Connect Selectel Object Storage to ClearML

In ClearML, Selectel object storage can be connected to store datasets, results, and experiment artifacts.

  1. Open the ClearML clearml.conf configuration file. Change the api, aws and development blocks:

    api {
    ...
    files_server: s3://s3.<pool>.storage.selcloud.ru:443/<container_name>
    ...
    }
    ...
    sdk {
    ...
    aws {
    s3 {
    host: "s3.storage.selcloud.ru:443"
    region: "ru-1"
    key: "<access_key>"
    secret: "<secret_key>"
    use_credentials_chain: false
    credentials: [{
    bucket: "<container_name>"
    secure: true
    }]
    }
    boto3 {
    pool_connections: 512
    max_multipart_concurrency: 16
    }
    }
    ...
    }
    ...
    ...
    development {
    ...
    default_output_uri: "s3://s3.<pool>.storage.selcloud.ru:443/<container_name>/<path>"
    ...
    }
    ...

    Specify:

    • <container_name> — name of the container in the object store where datasets and artifacts will be stored. The name can be viewed in the control panel: in the top menu, click ProductsObject StorageContainers;
    • <access_key> — Access Key ID from S3 key issued to the user;
    • <secret_key> — Secret Access Key from S3 key issued to the user.
    • <path> — prefix in the object store;
    • <pool> — pool where the object storage is located (e.g, ru-1).
  2. To load the datasets into ClearML Server, run the python script.

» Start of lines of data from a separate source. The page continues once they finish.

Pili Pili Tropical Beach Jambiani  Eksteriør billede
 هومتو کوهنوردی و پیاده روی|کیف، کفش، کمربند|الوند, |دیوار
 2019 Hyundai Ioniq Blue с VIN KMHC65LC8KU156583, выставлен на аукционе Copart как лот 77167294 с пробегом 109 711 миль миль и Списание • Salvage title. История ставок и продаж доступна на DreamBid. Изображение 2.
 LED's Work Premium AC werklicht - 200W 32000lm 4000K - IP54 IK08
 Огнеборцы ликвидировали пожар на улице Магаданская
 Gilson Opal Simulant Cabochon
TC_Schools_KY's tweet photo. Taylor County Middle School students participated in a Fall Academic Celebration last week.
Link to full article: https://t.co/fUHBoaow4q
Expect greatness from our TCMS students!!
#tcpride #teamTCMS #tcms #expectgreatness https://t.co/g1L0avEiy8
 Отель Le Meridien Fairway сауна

    An example script to load a single dataset:

    # Создать датасет через класс Dataset
    from clearml import Dataset
    dataset = Dataset.create(
    dataset_name="<dataset_name>",
    dataset_project="<project_name>",
    output_uri="s3://s3.storage.selcloud.ru:443/<container_name>/<path>",
    )

    # Добавить файлы в датасет
    dataset.add_files(
    path="<local_path_to_dataset>",
    )

    # Загрузить датасет в ClearML Server
    dataset.upload()

    # Закоммитить изменения в датасете
    dataset.finalize()

    Specify:

    • <dataset_name> — dataset name, will be displayed in WebApp;
    • <project_name> — project name, will be displayed in the WebApp;
    • <container_name>/<path> — prefix in the object store from step 1;
    • <local_path_to_dataset> — path to the dataset on the local machine.